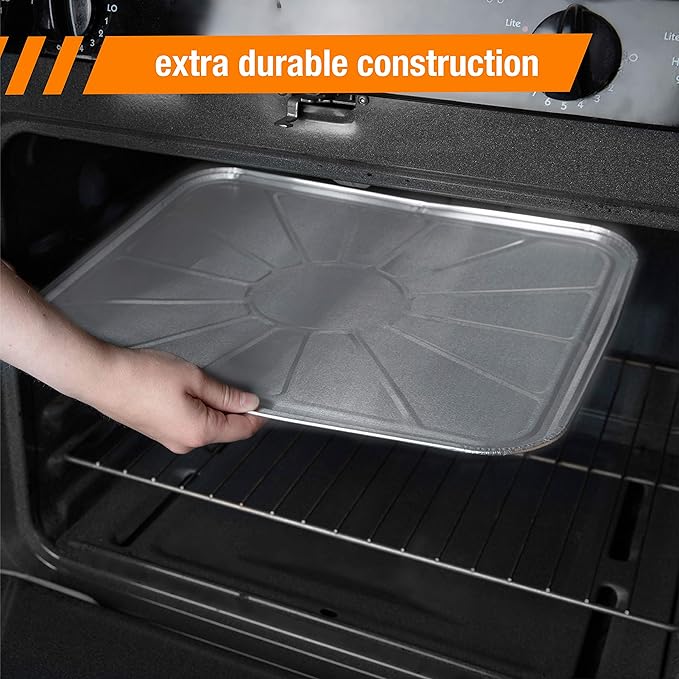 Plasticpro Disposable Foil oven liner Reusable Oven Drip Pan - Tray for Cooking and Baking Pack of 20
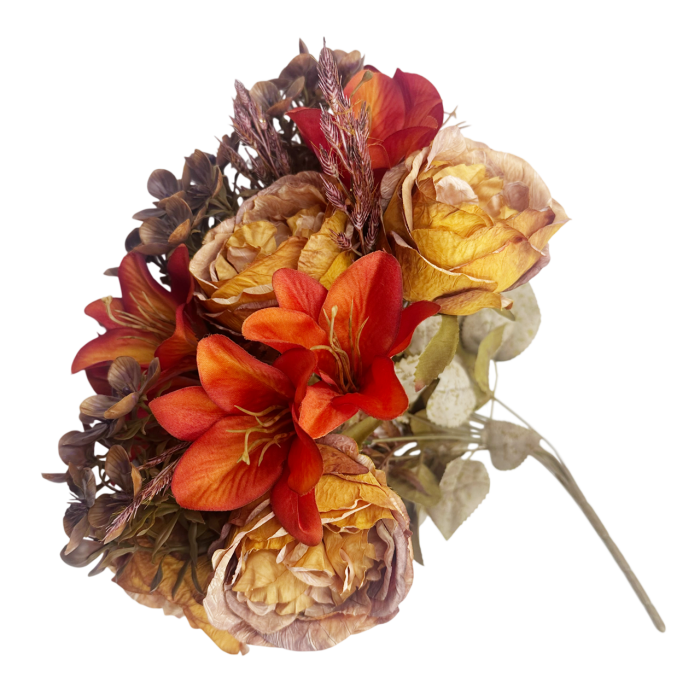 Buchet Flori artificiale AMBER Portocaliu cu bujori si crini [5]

* * *

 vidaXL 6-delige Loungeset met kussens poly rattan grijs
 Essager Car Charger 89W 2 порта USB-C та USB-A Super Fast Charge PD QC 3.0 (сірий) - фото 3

* * *

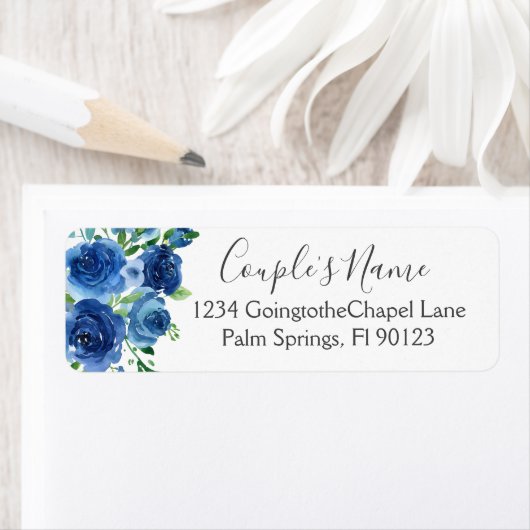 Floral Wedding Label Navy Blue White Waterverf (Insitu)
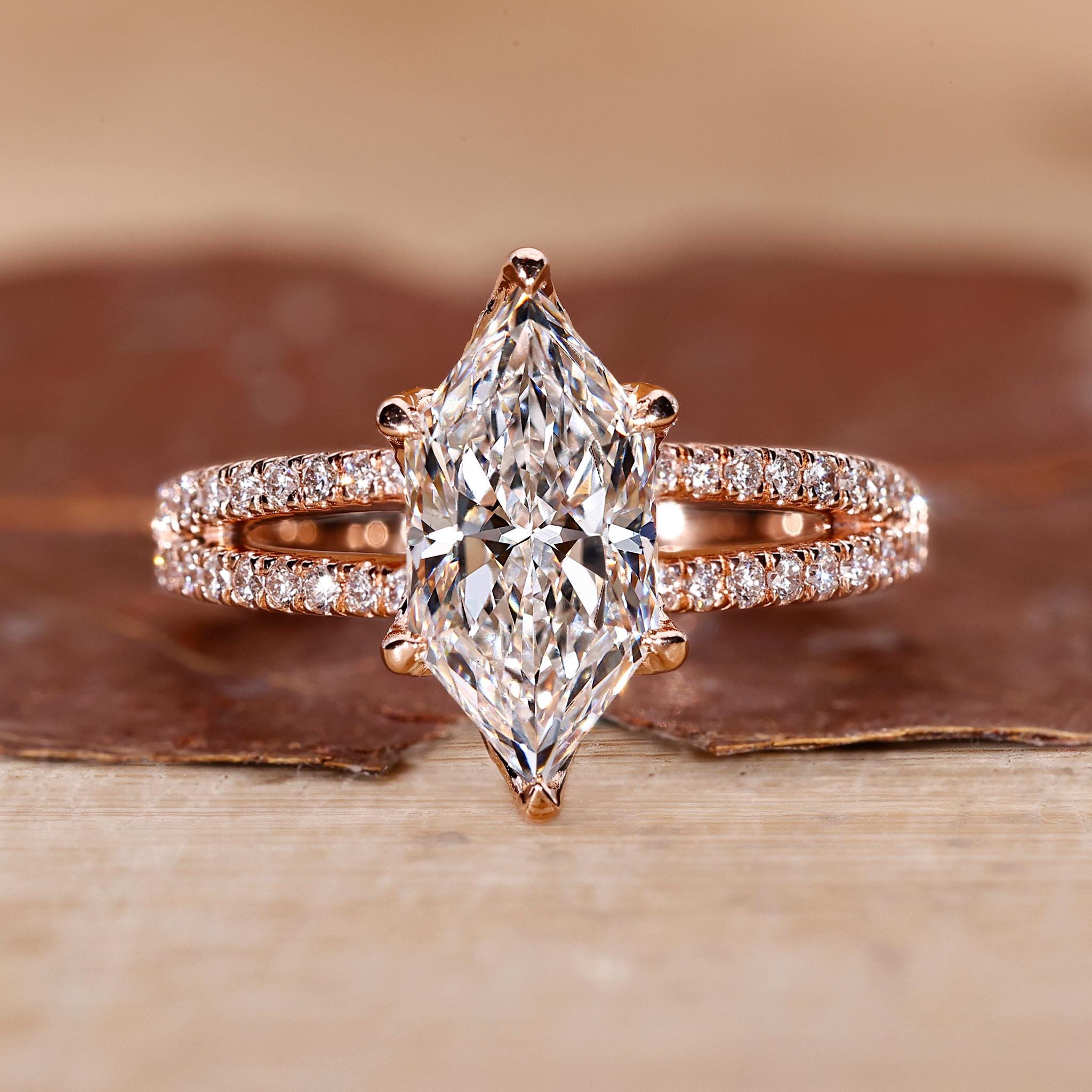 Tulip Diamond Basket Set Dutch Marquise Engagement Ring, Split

* * *

_Task description_. Print exactly the lines above, between the one holding "vidaXL 6-delige Loungeset" and the one holding "Essager Car Charger", inclusive, and nothing besides.

_Problem solution_.
 vidaXL 6-delige Loungeset met kussens poly rattan grijs
 Essager Car Charger 89W 2 порта USB-C та USB-A Super Fast Charge PD QC 3.0 (сірий) - фото 3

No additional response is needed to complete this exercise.